Mais ces pouvoirs confinent à l'excès lorsqu'une procédure avec prise de décision à la majorité qualifiée est à l'oeuvre, et notamment, lorsque la Commission (c'est à dire, en fait, n'importe quel Commissaire Européen), qui fixe également l'agenda du Conseil, est en partie en mesure de choisir avec quelle présidence du Conseil (la plus favorable possible de préférence) elle va pouvoir travailler pour cela. La nécessité de tenir compte des différents agendas électoraux des représentants des gouvernements des états membres étant bien moins réelle dans le cadre d'une décision à la majorité qualifiée, le Commissaire reste libre de choisir comment construire quelle majorité autour d'un texte de leur choix en conservant la main-mise sur l'agenda, par exemple pour favoriser une organisation de l'ordre de présentation des directives favorisant les alliances internes au Conseil, alliances qui resteraient sans objet ou presque lorsque la décision est prise à l'unanimité.
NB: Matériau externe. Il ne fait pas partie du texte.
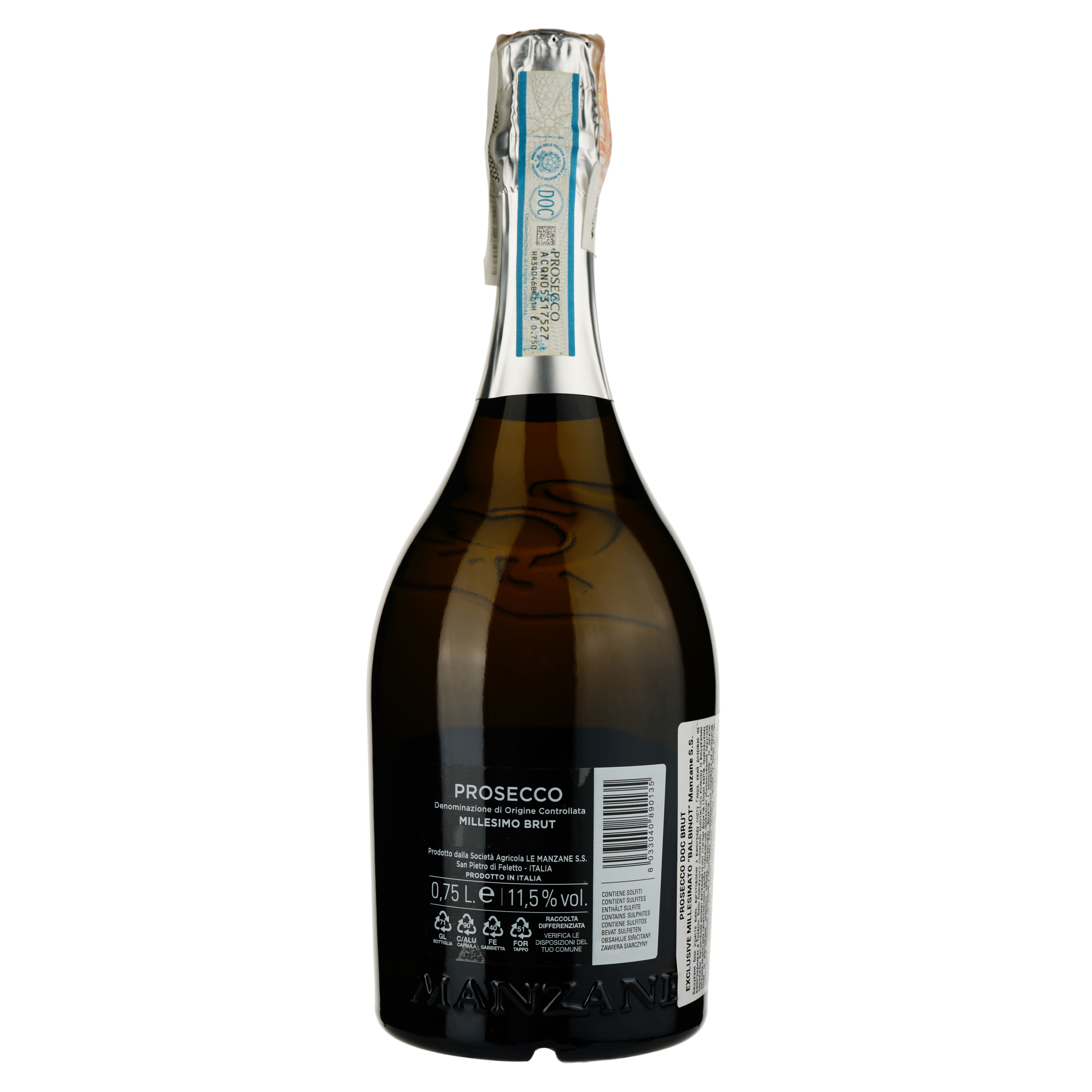 Игристое вино Le Manzane Prosecco DOC Balbinot еxclusive brut, белое, брют, 11,5%, 0,75 л - фото 2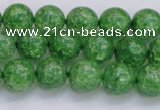 CKQ338 15.5 inches 10mm round dyed crackle quartz beads wholesale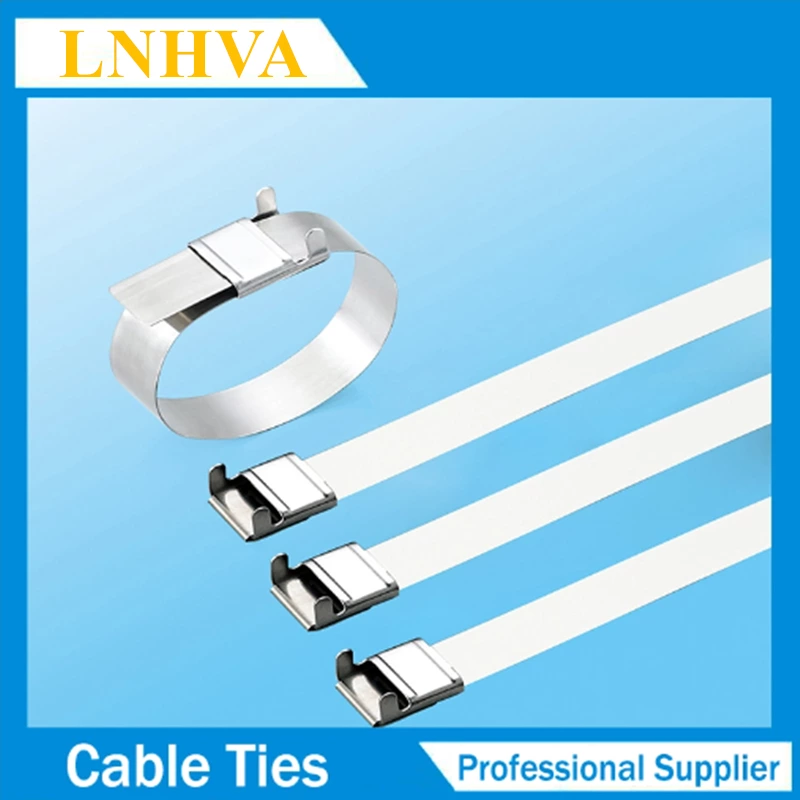 Releasable PVC Coated Metal Stainless Steel Zip Cable Ties With Buckle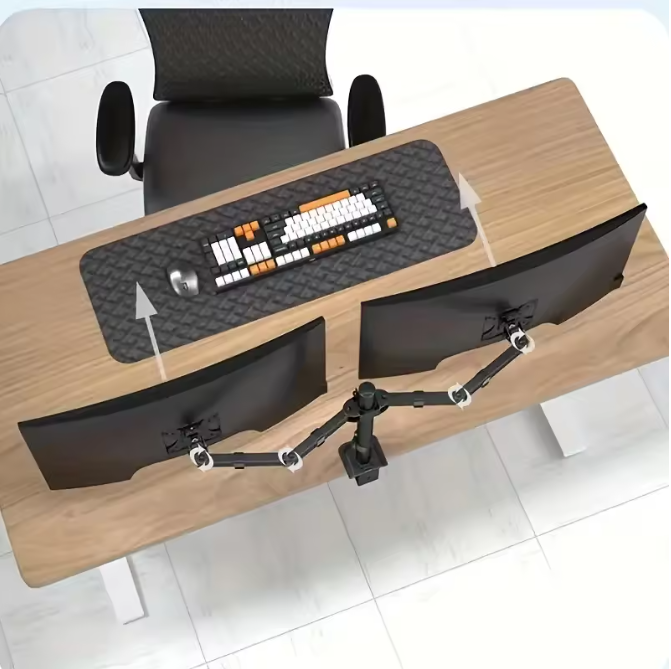 Dubbele Vrijstaande Monitorstandaard tot 27 inch – Verstelbaar en Draaibaar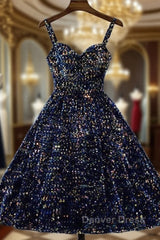 Glitter Navy Blue Sequin Short Prom Dresses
Enfin, et c'est bien là le point le plus important, rien n'impose aux administrations européennes d'informer objectivement quelque état membre, le parlement européen, ou quelques parlement national que ce soit de leurs travaux. Ces jeux peuvent certes sembler normaux et font certainement partie des petites manoeuvres internes propres à chaque assemblée, mais limiter le raisonnement à ce constat est oublier que l'U.E. n'est pas, à ce jour, et qu'on le regrette ou non n'existe à ce jour qu'à travers ce que lui confèrent chacun des états membres ici réputés solidaires, et que cette solidarité implique à l'évidence une uniformité de traitement des états membres notamment en ce qui concerne l'élaboration de la loi européenne (contrainte sous-jacente de la règle de l'unanimité qu'il conviendrait de rendre d'une manière ou d'une autre explicite au cours d'une procédure à la majorité qualifiée).
En résumé, l'emploi de la majorité qualifiée renforce le pouvoir déjà très important et consensuellement (pour ne pas dire unanimement !) reconnu comme tel de la Commission Européenne au détriment de celui du Parlement (ou des simples membres du Conseil), tout en encourageant l'instrumentalisation à des fins politiques de la position que représente la Présidence du Conseil, laquelle s'est à plusieurs reprises avérée, par exemple à l'occasion du débat relatif à la directive C2I, capable d'une grande créativité dans l'interprétation des règles qui la régissent au nom de l'intérêt de l'Union.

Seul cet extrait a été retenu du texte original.